Security concerns, business efficiency and the need to support offsite and onsite mobile infrastructure mean most enterprises are rapidly becoming more heterogonous.

This increasing diversity means technology and software suppliers must focus on interoperability. Customers need this to support increasingly digitized workflows.

“Given that users are getting more sophisticated and they are working with whatever tool/device helps them get their work done most efficiently, vendors are being forced to become more interoperable with one another. Rather than switch their entire workflow to one vendor, they will continue to mix and match as they see fit,” said Guis.

“If you deploy a solution that is robust on Windows but heavily lacking on the iOS side, your business will significantly struggle,” she wrote.

I believe C-suite executives making purchasing decisions will be interested in taking a second look at Apple’s desktop ecosystem, particularly since IBM confirmed Apple’s solutions are way cheaper to run than those from Microsoft.

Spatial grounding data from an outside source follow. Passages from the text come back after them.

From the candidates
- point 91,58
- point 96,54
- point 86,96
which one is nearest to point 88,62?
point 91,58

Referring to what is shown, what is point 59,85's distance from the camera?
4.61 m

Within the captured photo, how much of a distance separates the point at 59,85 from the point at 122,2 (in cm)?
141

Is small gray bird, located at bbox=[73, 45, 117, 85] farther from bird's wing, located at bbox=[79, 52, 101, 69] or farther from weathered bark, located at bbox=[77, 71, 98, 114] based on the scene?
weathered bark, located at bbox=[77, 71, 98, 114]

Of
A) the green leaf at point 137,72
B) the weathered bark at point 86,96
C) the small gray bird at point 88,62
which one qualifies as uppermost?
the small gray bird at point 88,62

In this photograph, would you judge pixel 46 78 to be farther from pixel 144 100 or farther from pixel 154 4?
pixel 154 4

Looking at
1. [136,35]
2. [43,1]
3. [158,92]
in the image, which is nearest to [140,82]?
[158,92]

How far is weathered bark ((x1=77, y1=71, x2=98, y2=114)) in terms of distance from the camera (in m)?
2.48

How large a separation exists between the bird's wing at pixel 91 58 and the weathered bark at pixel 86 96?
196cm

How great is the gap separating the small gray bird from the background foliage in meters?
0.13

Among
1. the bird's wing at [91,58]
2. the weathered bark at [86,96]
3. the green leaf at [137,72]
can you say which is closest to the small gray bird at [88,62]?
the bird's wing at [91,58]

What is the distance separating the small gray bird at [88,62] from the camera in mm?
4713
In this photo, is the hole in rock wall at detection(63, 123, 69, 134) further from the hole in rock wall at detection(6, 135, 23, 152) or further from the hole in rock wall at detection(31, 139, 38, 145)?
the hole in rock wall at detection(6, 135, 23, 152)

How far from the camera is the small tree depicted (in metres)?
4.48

Meanwhile, as enterprise users look to cloud, SaaS and connected data solutions, software is replacing hardware in an increasing number of tasks. I can’t help but imagine that now a platform that accounts for just 10 percent of the market is being used for 25 percent of the desktop computing tasks taking place within the modern enterprise, it is only a matter of time until the platform itself proliferates in the enterprise. Guis’ analysis does seem to favor further evolution of mixed platform setups, defined by actual mission-related need.

Beyond the personal cloud

Apple’s iCloud isn’t really an enterprise product. Nor, for that matter and despite their popularity, are off-the-shelf consumer solutions such as Dropbox, Box, and so on. Enterprise users look to secure, bespoke cloud services that are in tight control and maintained in line with corporate security protocol.

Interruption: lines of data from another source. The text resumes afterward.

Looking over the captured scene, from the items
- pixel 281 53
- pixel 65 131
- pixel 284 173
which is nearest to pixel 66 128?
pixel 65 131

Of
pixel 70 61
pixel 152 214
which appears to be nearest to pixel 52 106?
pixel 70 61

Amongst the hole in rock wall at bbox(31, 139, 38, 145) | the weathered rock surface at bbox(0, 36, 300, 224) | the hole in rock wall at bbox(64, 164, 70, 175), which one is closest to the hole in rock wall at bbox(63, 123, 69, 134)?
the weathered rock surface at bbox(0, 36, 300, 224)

To further its reach within enterprise markets, Apple will need to maintain its investment in partnerships by bringing in enterprise standard applications such as Office or Creative suite and by consistently placing focus on security in cloud service provision.

“The major X-factor here for Apple is their ability to create those seamless experiences with security in mind,” says Guis.

She noted some heavily publicized phishing attacks on iCloud as staining the company’s reputation for security, saying, “They will need to strengthen their reputation in that area by adding more security features and improving their messaging around security/towards businesses, or fostering significant partnerships with security companies.”

Apple’s security-focused partnership with Cisco and plans to introduce lower cost cybersecurity insurance for enterprises coalescing around Apple/Cisco solutions matches that need quite well.

You don’t even need to read between the lines to see that the impact of mobility on Apple’s enterprise business has been utterly profound.

With digital processes weaving themselves inside almost every business process, the long-term effect seems likely to transform Apple’s future business.